The president of the Estates General, lawyer Albert Leblanc, was appointed to the Superior Court of Quebec during the course of the year 1966 and was replaced by law professor Jacques-Yvan Morin.

== Preliminary assizes of 1966 ==
The Preliminary assizes of 1966 were the first meeting of the Estates General of French Canada. The assizes, held from November 25 to 27 at Université de Montréal, were said to be preliminary because their objective was to prepare the working material on the basis of which the subsequent assizes were to debate.

== National assizes of 1967 ==

The National assizes of 1967 were the second meeting of the Estates General of French Canada. They were held from November 23 to 26 at Place des Arts in Montreal. The delegates adopted among others an important resolution pertaining to the right to self-determination of the French Canadians in the territory of Quebec, which was declared the "national territory and fundamental political milieu" of their nation.

== National assizes of 1969 ==
The National assizes of 1969 were the third and last meeting of the Estates General of French Canada. They were held from March 5 to 9 at the Queen Elizabeth Hotel.
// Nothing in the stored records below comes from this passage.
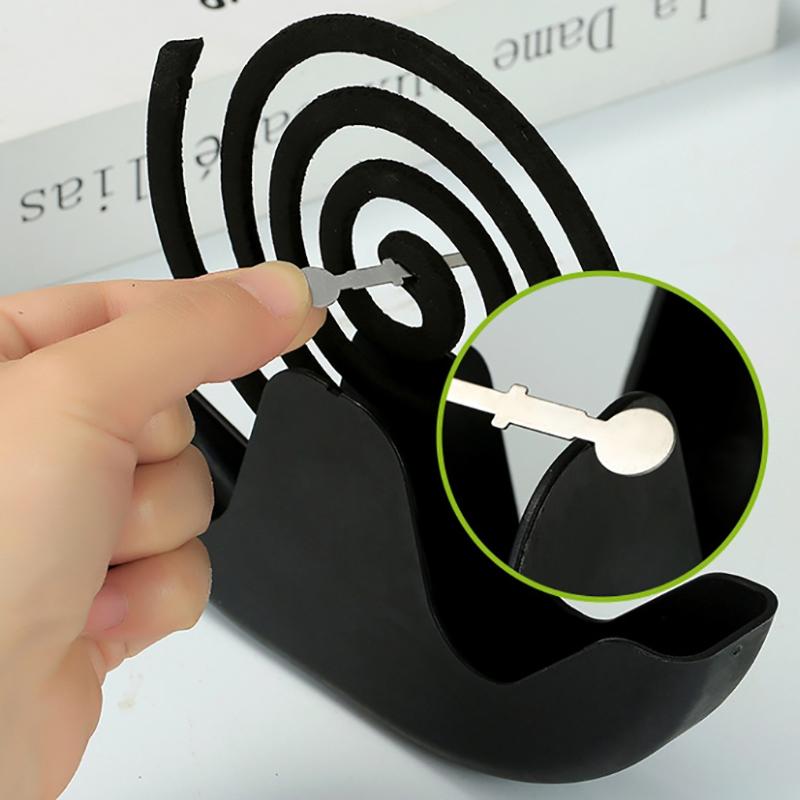 1Pc Snails Mosquito Coil Holder With Tray Nordic Style Spiral Summer Day Plastic Mosquito Repellent Incenses Rack Plate Home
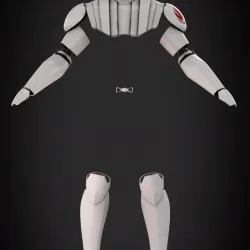 Obi Wan Kenobi Battle Armor for Cosplay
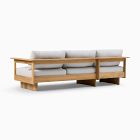 Anton Outdoor Teak 2-Piece Chaise Sectional (98&quot;)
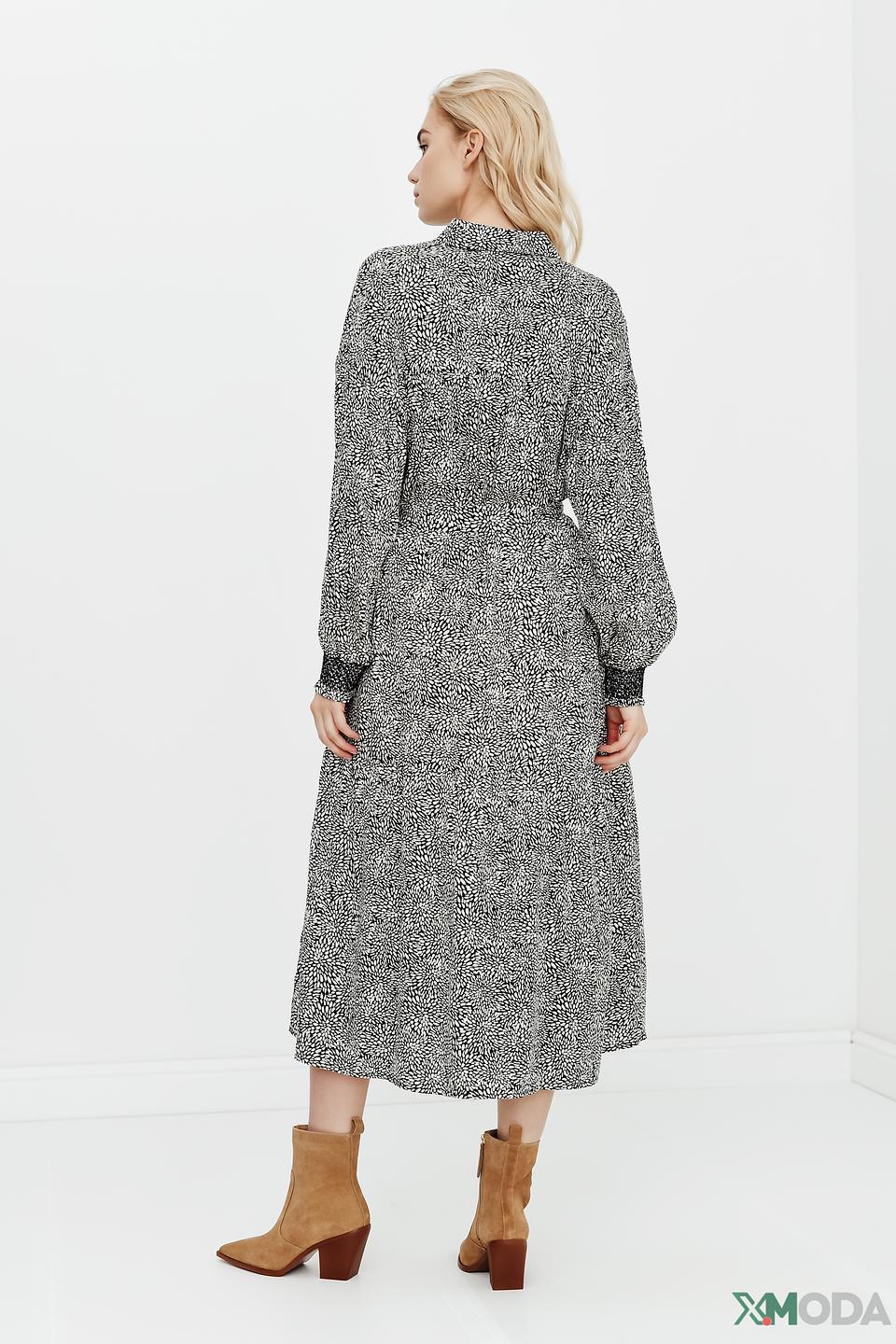 Платье Oui с принтом в горошек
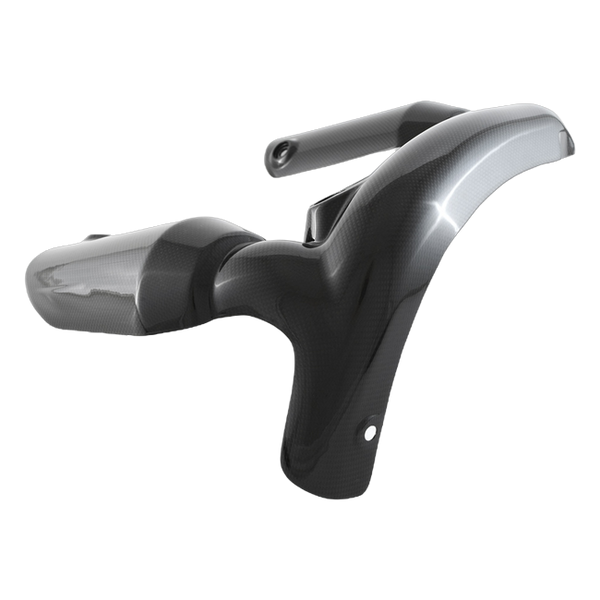 Fullsix carbon exhaust protector for Ducati Panigale V2 890 2025-2026 – view 2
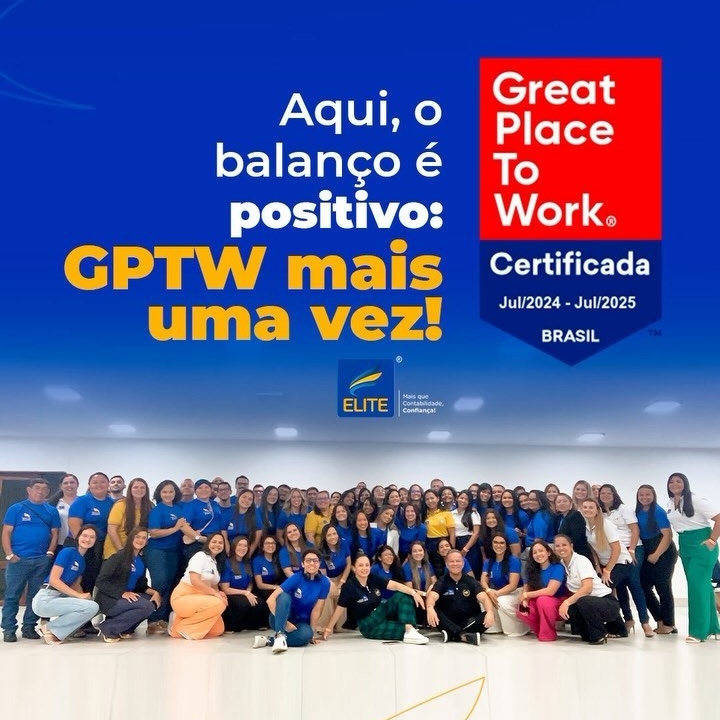 Pelo terceiro ano consecutivo, a ELITE Consultores do Brasil recebe o selo GPTW!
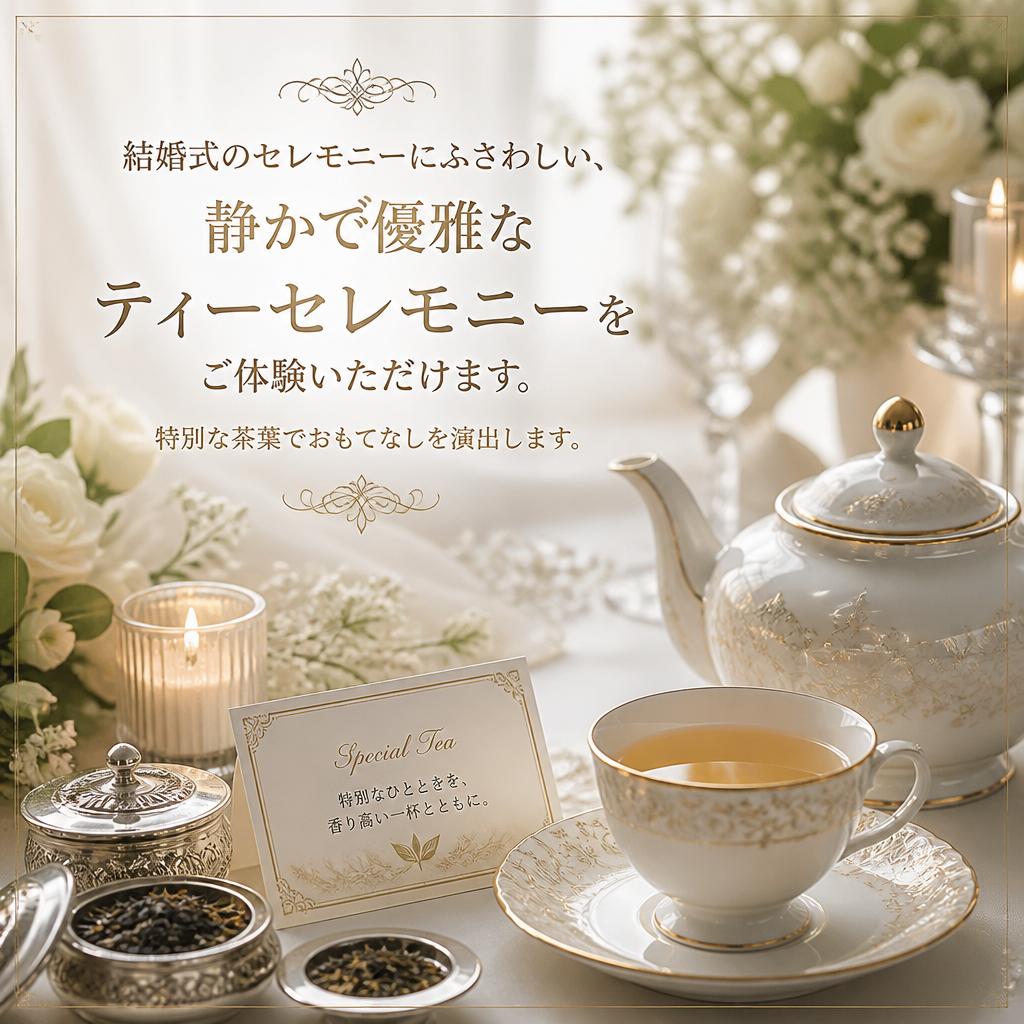 心を込めたティーセレモニー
The delegates adopted among others an important resolution proposing to convene a constituent assembly for the drafting of the constitution of Quebec.

== Timeline ==
- 1966 - On September 13, election of the territorial delegates to the preliminary assizes.
- 1966 - From November 25 to 27, the preliminary assizes are held at Université de Montréal.
- 1967 - On April 16, election of the territorial delegates to the first national assizes.
- 1967 - From November 23 to 26, the first national assizes are held at Place des Arts in Montreal.
- 1969 - From March 5 to 9, the second national assizes are held at the Queen Elizabeth Hotel in Montreal.